New Horizons launched on top of an Atlas 5 rocket on Jan. 19, 2006, making the fastest-ever trip out of Earth’s neighborhood.
Thirteen months later, the craft was at Jupiter
already, and the mission team put its instruments to the test. New
Horizons captured time lapse pictures of a volcanic eruption on Io, one
of Jupiter’s four big moons.
Just
after the Jupiter flyby, New Horizons suffered its first computer
glitch. For spacecraft outside Earth’s protective atmosphere,
high-energy cosmic rays occasionally zip through computer memory,
causing a crash and restart. Calculations indicated that there would be
one such crash during the nine-and-a-half-year trip to Pluto.
Instead, they occurred almost once a year. But none caused lasting damage, and they proved good learning experiences.
“It was just eventful enough to keep us alert,” said Christopher Hersman, the missions systems engineer. “It actually helped.”
The
rest of the long cruise was mostly uneventful. Flinging a spacecraft to
a rendezvous at the edge of the solar system is indeed rocket science,
but not groundbreaking rocket science. The equations — the basic laws of
Isaac Newton — are the same ones that were used decades ago.
Still,
the engineers were careful with their calculations — tiny errors can
grow calamitous — and periodic checkups made sure everything was working
smoothly on the spacecraft.
Then,
on July 4, 10 days before the Pluto flyby, the spacecraft suddenly fell
silent. Alice Bowman, the mission operations manager, said years of
experience had given her a sense when a problem might be the fault of
the receiving stations and when it might be a problem with a spacecraft.
“I pretty much knew it was something on the spacecraft,” she said.

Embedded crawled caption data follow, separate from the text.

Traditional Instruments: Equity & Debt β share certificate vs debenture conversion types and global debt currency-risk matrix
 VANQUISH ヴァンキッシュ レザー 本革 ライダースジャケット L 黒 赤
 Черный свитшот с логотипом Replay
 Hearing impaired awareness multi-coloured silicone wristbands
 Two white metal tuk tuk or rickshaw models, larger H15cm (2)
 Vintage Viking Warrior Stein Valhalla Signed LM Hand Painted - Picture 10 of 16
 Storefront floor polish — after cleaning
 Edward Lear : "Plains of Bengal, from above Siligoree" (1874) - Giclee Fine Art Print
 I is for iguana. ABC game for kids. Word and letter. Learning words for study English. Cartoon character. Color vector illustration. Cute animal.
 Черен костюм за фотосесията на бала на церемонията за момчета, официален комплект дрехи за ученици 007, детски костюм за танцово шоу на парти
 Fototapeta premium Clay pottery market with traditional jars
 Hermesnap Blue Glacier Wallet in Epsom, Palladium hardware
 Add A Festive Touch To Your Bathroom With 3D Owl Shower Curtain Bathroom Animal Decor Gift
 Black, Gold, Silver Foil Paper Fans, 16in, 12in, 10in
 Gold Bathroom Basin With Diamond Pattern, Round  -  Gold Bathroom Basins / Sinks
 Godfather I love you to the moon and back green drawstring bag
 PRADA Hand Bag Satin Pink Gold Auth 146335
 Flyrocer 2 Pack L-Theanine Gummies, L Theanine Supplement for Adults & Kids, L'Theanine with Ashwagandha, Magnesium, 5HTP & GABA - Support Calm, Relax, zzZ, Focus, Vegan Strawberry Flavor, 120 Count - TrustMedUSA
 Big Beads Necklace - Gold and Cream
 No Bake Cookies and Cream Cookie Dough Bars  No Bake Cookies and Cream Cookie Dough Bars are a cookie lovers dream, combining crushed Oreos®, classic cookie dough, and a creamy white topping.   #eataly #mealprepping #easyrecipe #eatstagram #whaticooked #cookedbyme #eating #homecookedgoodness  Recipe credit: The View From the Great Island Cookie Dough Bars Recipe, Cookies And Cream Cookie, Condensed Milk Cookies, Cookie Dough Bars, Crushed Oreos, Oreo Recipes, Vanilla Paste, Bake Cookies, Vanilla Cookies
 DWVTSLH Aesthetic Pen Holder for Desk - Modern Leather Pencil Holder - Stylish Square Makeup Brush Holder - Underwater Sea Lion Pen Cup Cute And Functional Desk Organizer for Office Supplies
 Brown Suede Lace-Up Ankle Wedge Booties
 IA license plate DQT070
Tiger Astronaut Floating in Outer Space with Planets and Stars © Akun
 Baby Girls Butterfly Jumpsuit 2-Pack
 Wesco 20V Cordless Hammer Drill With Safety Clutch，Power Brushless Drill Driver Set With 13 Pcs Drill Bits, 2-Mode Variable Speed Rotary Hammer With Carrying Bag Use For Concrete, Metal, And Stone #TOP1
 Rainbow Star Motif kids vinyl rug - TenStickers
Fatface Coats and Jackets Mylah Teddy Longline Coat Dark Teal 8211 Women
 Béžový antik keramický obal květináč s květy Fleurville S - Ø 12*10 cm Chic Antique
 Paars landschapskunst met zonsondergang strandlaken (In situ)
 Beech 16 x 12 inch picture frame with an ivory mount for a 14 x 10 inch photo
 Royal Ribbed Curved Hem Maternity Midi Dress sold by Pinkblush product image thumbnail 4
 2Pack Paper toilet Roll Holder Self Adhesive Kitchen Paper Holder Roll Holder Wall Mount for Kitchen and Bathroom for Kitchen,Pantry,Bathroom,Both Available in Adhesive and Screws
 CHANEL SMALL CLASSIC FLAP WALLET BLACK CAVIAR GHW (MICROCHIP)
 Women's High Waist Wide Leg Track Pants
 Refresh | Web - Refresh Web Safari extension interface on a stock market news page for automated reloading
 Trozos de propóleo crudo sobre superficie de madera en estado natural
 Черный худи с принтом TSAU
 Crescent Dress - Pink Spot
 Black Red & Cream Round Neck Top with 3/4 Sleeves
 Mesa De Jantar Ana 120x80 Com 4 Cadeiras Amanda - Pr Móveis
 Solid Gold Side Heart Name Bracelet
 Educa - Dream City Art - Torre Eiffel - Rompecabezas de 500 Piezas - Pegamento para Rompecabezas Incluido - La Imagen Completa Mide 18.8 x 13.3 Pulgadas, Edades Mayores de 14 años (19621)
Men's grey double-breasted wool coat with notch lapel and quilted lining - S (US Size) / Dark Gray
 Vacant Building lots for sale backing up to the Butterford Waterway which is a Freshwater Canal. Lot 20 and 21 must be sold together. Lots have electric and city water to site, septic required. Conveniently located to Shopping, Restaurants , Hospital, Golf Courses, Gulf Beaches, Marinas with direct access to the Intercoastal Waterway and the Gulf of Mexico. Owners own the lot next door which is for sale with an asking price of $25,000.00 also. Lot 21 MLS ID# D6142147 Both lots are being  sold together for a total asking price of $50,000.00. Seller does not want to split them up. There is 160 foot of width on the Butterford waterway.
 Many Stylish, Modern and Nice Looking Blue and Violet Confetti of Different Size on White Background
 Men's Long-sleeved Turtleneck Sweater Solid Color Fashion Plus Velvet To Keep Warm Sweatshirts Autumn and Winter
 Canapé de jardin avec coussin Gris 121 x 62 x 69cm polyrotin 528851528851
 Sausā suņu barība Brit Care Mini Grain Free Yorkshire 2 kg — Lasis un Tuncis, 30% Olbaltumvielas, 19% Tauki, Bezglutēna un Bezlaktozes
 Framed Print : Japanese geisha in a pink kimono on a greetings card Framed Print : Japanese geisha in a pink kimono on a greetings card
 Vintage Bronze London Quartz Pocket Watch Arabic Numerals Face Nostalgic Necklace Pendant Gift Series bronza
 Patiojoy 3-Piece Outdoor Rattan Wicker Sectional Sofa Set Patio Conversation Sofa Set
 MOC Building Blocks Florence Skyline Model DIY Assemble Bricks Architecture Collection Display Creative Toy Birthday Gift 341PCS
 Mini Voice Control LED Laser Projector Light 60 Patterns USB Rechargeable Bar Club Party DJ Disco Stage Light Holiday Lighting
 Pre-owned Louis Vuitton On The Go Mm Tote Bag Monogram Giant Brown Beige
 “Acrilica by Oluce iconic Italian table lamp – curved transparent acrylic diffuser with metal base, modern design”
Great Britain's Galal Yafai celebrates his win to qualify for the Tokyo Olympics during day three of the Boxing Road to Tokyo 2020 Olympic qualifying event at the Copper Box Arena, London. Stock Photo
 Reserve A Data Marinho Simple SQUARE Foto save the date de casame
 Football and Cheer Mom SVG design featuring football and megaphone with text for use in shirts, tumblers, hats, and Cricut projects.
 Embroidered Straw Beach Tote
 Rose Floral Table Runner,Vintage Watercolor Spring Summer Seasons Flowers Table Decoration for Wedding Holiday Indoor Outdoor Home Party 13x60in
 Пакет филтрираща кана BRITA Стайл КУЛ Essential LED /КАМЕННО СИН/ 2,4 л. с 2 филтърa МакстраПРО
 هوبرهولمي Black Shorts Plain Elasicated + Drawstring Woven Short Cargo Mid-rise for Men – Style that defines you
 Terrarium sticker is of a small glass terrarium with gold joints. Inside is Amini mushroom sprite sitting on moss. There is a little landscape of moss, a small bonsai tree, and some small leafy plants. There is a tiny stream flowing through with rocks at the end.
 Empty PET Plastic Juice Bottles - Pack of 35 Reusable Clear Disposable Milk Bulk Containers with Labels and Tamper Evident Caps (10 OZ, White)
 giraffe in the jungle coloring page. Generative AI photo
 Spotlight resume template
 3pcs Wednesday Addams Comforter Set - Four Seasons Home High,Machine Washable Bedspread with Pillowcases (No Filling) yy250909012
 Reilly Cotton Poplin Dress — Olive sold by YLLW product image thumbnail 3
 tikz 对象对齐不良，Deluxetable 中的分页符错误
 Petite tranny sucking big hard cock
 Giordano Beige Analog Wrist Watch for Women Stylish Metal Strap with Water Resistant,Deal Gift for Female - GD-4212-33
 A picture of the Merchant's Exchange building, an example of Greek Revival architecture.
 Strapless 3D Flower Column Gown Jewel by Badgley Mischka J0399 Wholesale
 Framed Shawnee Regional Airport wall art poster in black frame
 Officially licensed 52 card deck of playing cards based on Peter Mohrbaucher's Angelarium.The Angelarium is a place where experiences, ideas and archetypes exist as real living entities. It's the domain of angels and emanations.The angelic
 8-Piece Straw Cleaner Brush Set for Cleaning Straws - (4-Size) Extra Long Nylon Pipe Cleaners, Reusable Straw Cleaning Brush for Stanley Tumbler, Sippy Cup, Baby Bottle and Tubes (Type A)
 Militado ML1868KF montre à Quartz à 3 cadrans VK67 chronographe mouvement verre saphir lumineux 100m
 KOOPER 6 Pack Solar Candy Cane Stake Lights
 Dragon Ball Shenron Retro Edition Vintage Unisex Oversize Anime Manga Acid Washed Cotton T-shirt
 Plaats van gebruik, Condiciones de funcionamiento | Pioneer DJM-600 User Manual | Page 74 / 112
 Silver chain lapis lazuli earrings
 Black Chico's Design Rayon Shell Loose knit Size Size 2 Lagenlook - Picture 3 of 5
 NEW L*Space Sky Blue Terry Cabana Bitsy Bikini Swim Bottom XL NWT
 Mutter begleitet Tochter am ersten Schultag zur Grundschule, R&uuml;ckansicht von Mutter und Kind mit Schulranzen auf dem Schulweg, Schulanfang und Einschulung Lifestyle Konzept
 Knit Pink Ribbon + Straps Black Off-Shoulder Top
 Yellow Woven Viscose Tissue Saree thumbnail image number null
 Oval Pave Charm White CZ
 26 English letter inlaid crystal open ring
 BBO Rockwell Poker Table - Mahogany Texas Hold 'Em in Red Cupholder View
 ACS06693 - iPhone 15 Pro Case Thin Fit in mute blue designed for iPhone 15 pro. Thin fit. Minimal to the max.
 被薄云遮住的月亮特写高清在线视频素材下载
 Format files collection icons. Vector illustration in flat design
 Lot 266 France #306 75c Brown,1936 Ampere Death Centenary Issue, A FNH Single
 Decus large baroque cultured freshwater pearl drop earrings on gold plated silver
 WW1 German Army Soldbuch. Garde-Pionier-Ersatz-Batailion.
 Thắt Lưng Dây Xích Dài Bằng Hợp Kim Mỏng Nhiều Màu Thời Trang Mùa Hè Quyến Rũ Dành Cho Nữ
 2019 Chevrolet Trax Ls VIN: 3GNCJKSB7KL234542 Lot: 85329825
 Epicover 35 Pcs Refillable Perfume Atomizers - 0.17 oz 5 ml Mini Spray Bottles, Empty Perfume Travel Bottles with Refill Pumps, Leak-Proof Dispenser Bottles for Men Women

She called Mr. Hersman. “Where are you?” she said, summoning him urgently to the missions operations center.
After
an Independence Day barbecue with neighbors, Mr. Hersman was already on
the way to the office anyway. “Going in, I was thinking, ‘Remain calm,’
” Mr. Hersman recalled.
Ms. Bowman called Mr. Fountain. He, too, headed in.
Thoughts
of the worst popped into his mind: “Could we have been so extremely
unlucky that we hit something?” Even debris the size of a grain of rice
could destroy a delicate craft moving so fast.
But
it turned out the spacecraft’s computer had overloaded trying to do two
things at once — receive instructions for the flyby while compressing
images in its memory banks. By design, the main computer entered what
engineers call “safe” mode to avoid damage to the spacecraft, and the
backup computer kicked in.
An
hour and a half later, the ground stations detected the signal from the
backup computer. “Then I knew we could do it,” Ms. Bowman said. “The
question was, could we do it in time?”
A
nine-day sequence of commands to guide New Horizons through the flyby
was set to begin on July 7. Ms. Bowman spent two nights at the office,
taking only short naps. “You would be amazed how much that can do,” she
said. “I can’t say I slept.”
With
hours to spare, the craft was back in operation. Then the flyby
directions kicked in, and New Horizons did everything it was told to do.